Dua Belas

682 213 206
                                    

Hari ini, latihan tim basket Tunas Bangsa berakhir lebih awal dari biasanya. Beberapa anggota mulai berpamitan untuk pulang, termasuk pelatihnya.

Beberapa ada yang masih duduk di lapangan, menghilangkan rasa lelah dan menunggu keringat kering. Seperti Raja yang sekarang duduk sendirian di kursi panjang sambil mengelap keringatnya.

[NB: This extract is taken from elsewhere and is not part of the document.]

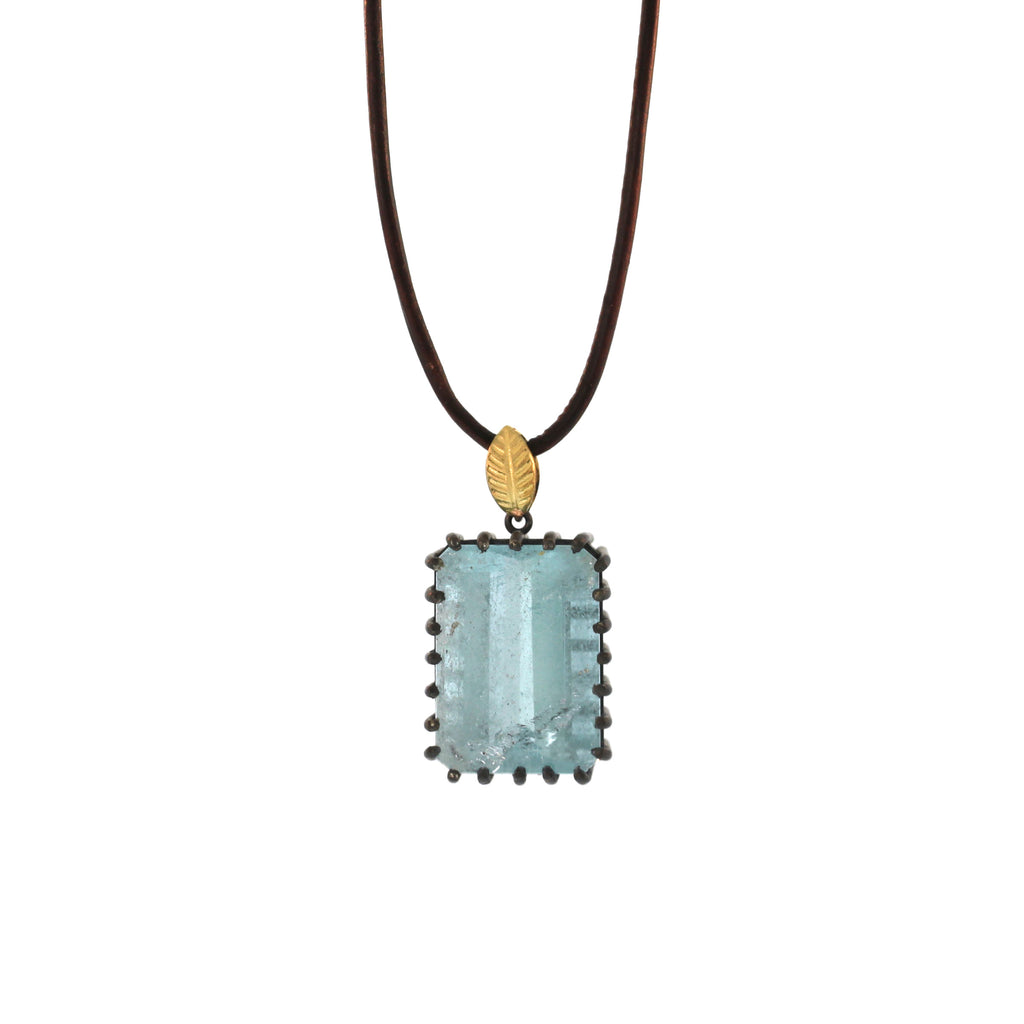 An Aquamarine + Lotus Leaf Pendant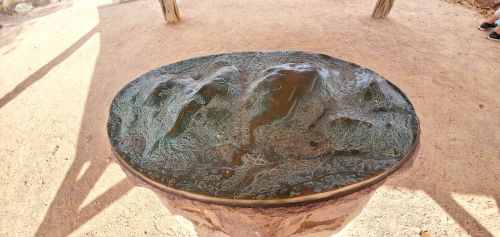 A circular bronze sculpture depicting a textured landscape, set on a stone pedestal in a sandy area.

"Nih, minum." Satria melempar sebotol air yang langsung ditangkap Raja dengan sigap.

"Tadi pagi udah setor surat dispen, kan?" tanya Satria seraya duduk di sebelah Raja.

"Udah," jawab Raja singkat.

"Bagus deh. Jangan kesiangan kayak kemarin lagi," kata Satria memperingati dan Raja hanya mengangguk.

Hening sejenak. Satria diam. Raja pun juga cuek. Hingga dia merasa ponsel miliknya bergetar.

Raja segera meraih ponselnya, lalu menoleh pada teman di sebelahnya. Satria yang tadinya ingin minum, mendadak urung dan memilih untuk pergi.

Hanya Raja, yang kalau angkat telepon, malah orang lain yang disuruh minggat.

"Hm?" ucap Raja, menjawab telepon.

"'Halo, Clay. Ada apa?' Lo nggak bisa ya jawab begitu?" sungut gadis di seberang telepon.

"Clay, kalau nggak penting, gue tutup ya."

Terdengar decakan pelan dari Clay. "Gue udah di depan rumah lo."

Mata Raja langsung membulat karena kaget. "Ngapain?"

"Eh, emang bokap lo nggak bilang ya?"

Raja mendengus kesal. Dia bahkan tidak tahu kalau papanya sudah kembali. Sial.

"Gue pulang sekarang," ucapnya tegas.

Sambungan telepon diputus duluan oleh Raja. Dia berpamitan pada teman-temannya, kemudian berlari keluar dari lapangan indoor itu.

***

Lima belas menit berada di atas motor, akhirnya Ken dan Cindy sampai juga di depan sebuah rumah yang dicat serba putih. Hanya bagian pagarnya saja yang berwarna hitam. Ken sempat melihat ada seseorang yang sibuk beraktifitas di teras rumahnya.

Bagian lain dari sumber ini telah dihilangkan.